▸ TASK REQUIREMENTS: Pictures are not part of the copy. Set down exactly the lines from the one containing "Is It Cheaper" through the last line of the material below.
· · · · · · ·
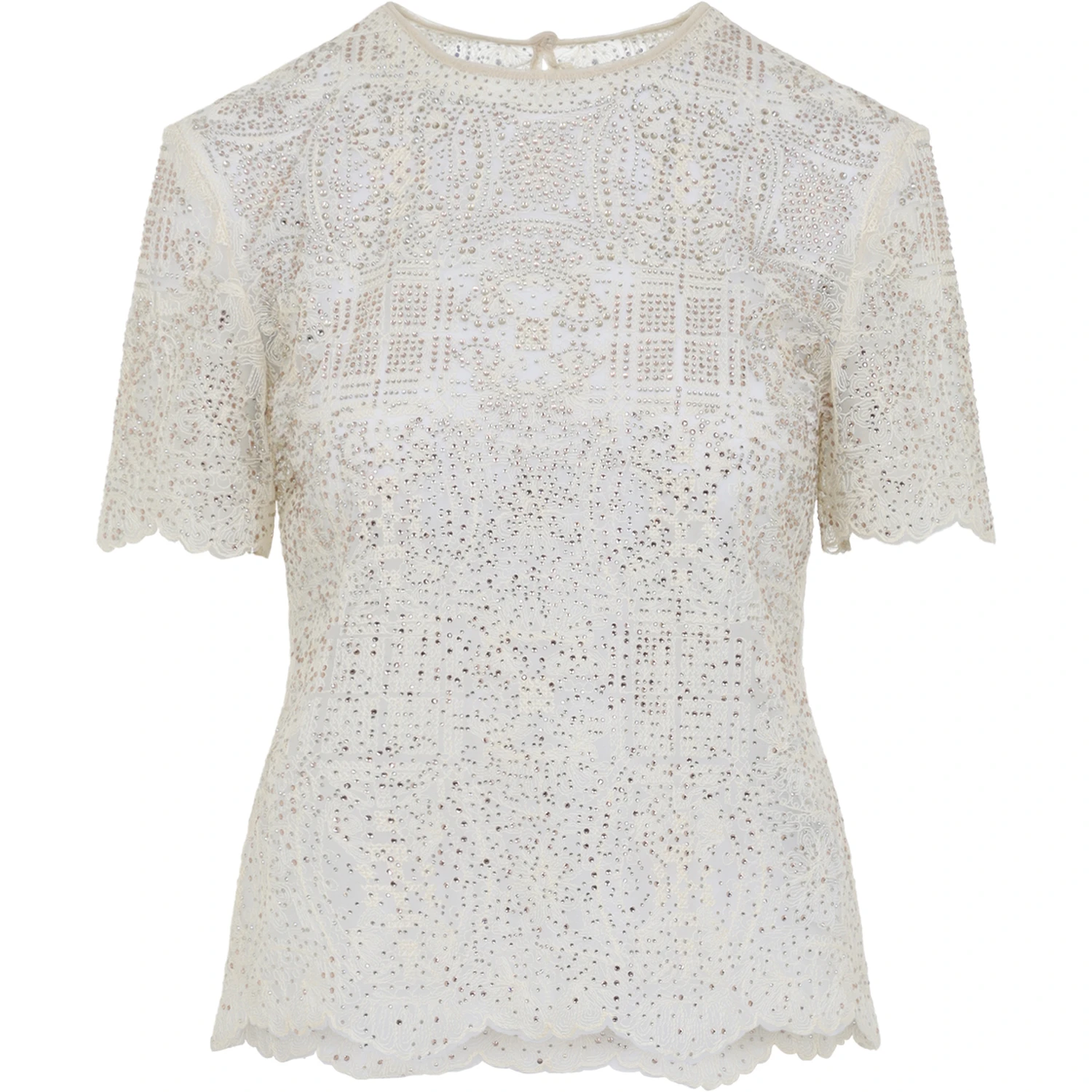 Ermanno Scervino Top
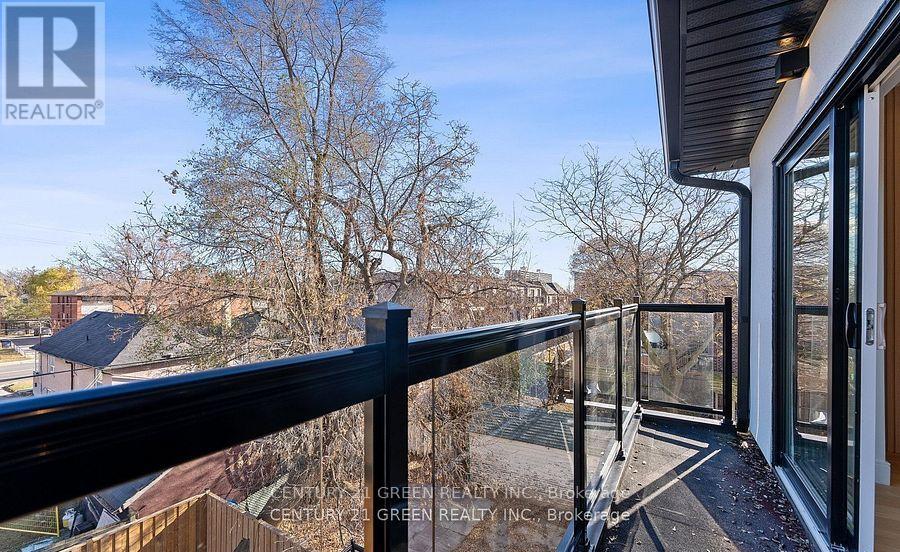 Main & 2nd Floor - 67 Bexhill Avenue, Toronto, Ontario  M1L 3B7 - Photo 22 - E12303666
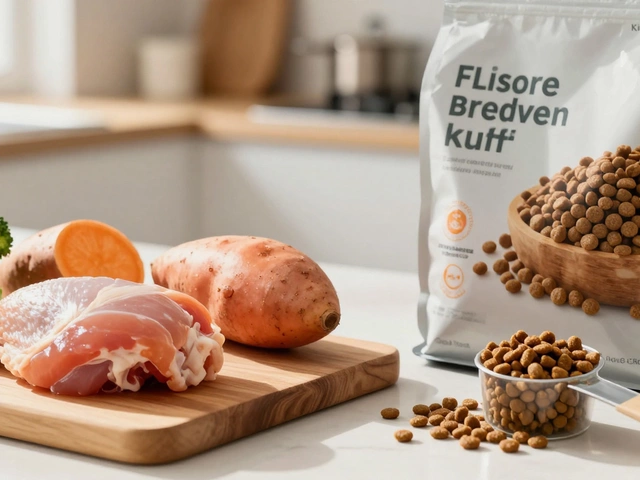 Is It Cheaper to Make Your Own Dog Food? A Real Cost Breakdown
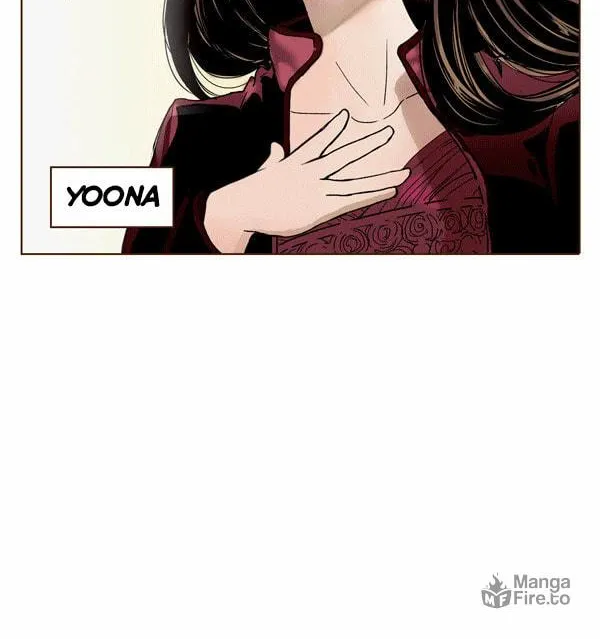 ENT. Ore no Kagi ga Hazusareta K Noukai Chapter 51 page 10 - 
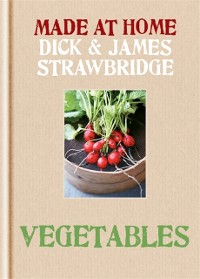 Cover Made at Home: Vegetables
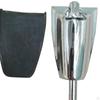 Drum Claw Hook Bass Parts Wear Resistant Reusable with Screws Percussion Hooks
· · · · · · ·
▸ RESULT OF THE TASK:
 Is It Cheaper to Make Your Own Dog Food? A Real Cost Breakdown
 ENT. Ore no Kagi ga Hazusareta K Noukai Chapter 51 page 10 - 
 Cover Made at Home: Vegetables
 Drum Claw Hook Bass Parts Wear Resistant Reusable with Screws Percussion Hooks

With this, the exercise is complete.